EXERCISE DETAILS
From the data below, repeat everything exactly except the images.

RECORDED INFORMATION
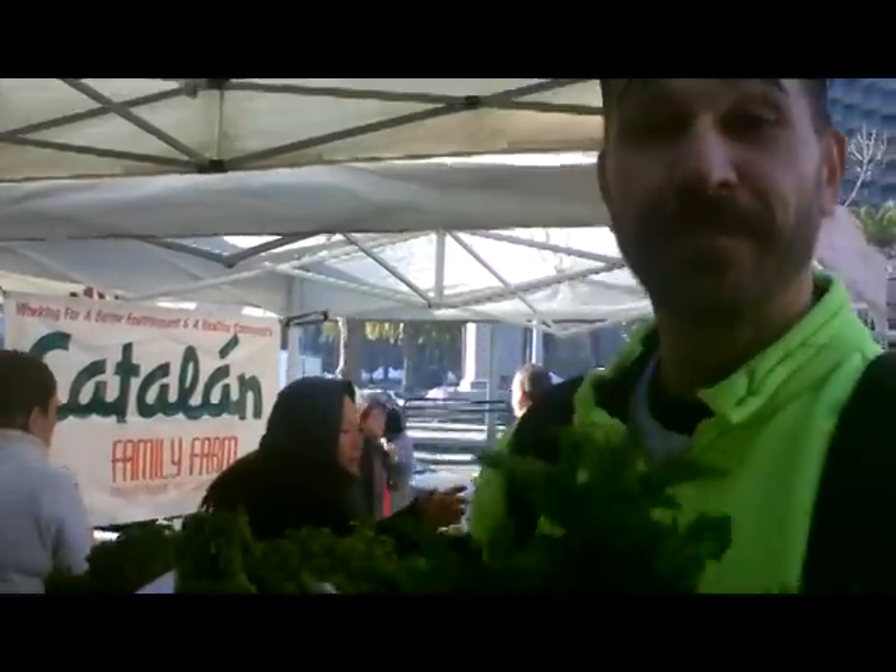Parsley — yet another green for coleslaw, absolutely. It's an underused garnish. I like to put parsley in a lot of things. Organic tulips — aren't those plants?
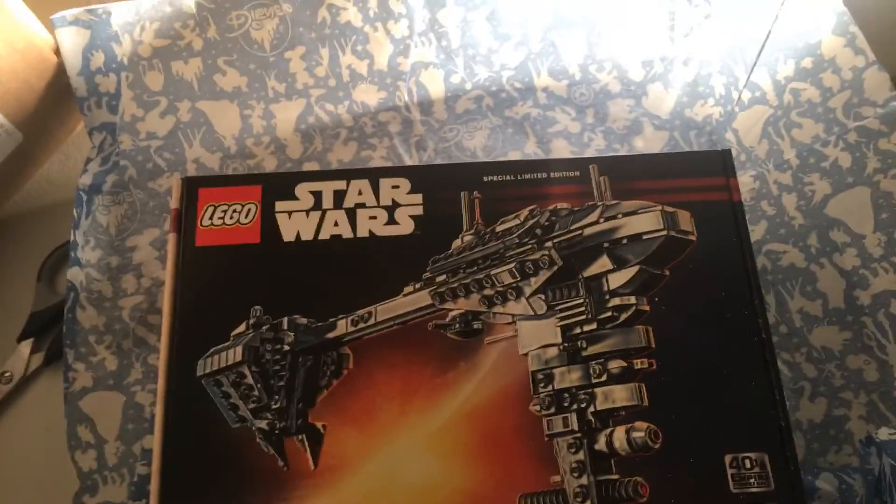So this has come all the way from America. You can see Disney paper there. And there it is — some packaging bubbles, what looks like a customs form in there. And this is the San Diego Nebulon Bee Frigate. San Diego Comic Con Exclusive. 40 years Empire Strikes Back. I did a video on investing in these a few weeks ago, and this came on Disney.com. This is the American one, so I've imported it.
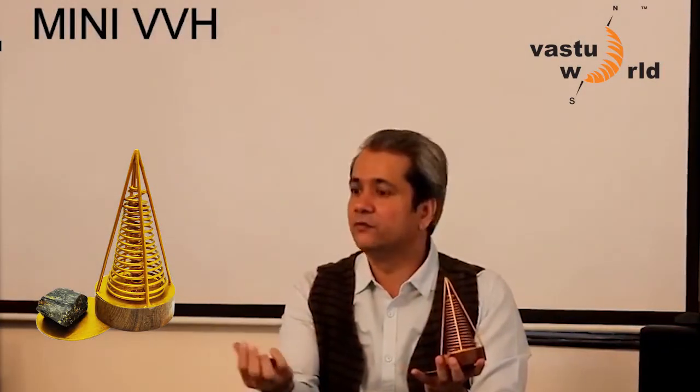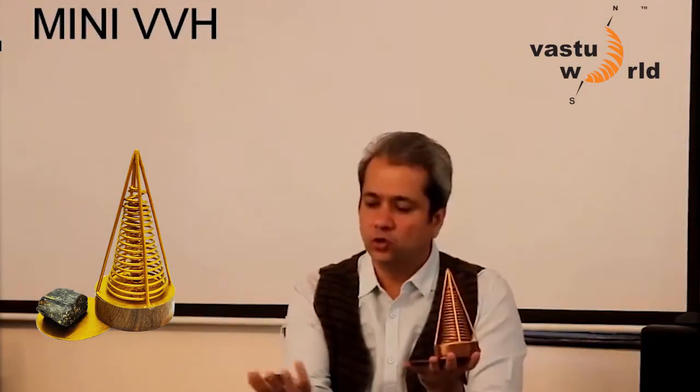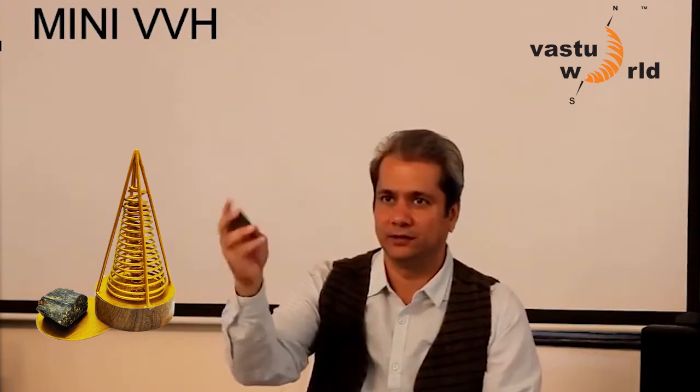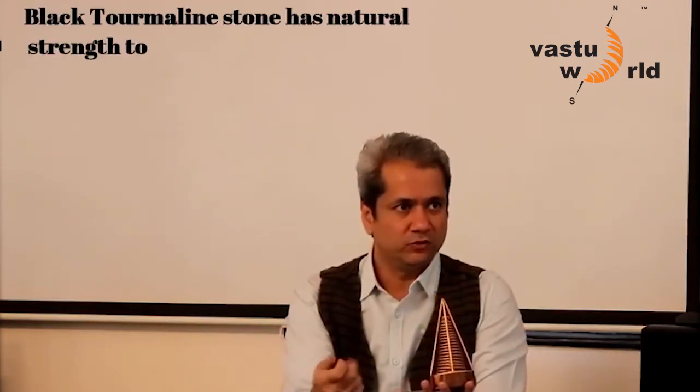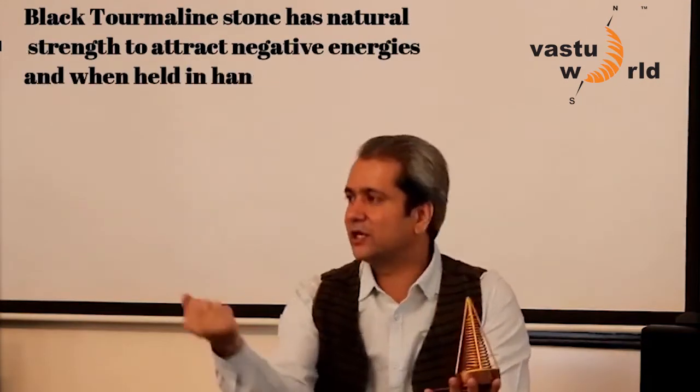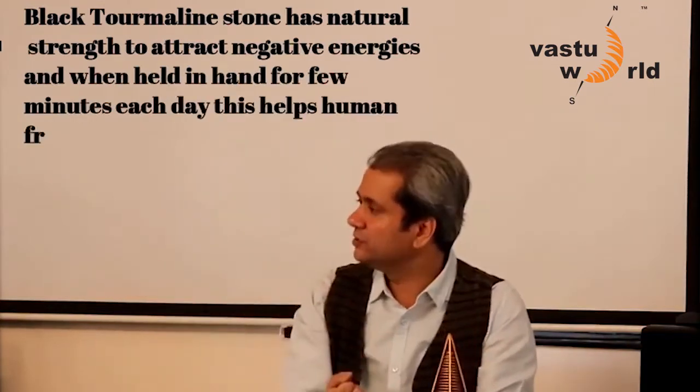This is Milchand with stone. Now as soon as you hold this stone — this is a black thermolith — what you need to do is create heat out of it. So as soon as you create heat, you start getting that black thermolith energy into it.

ANSWER SPACE
Parsley — yet another green for coleslaw, absolutely. It's an underused garnish. I like to put parsley in a lot of things. Organic tulips — aren't those plants?
So this has come all the way from America. You can see Disney paper there. And there it is — some packaging bubbles, what looks like a customs form in there. And this is the San Diego Nebulon Bee Frigate. San Diego Comic Con Exclusive. 40 years Empire Strikes Back. I did a video on investing in these a few weeks ago, and this came on Disney.com. This is the American one, so I've imported it.
This is Milchand with stone. Now as soon as you hold this stone — this is a black thermolith — what you need to do is create heat out of it. So as soon as you create heat, you start getting that black thermolith energy into it.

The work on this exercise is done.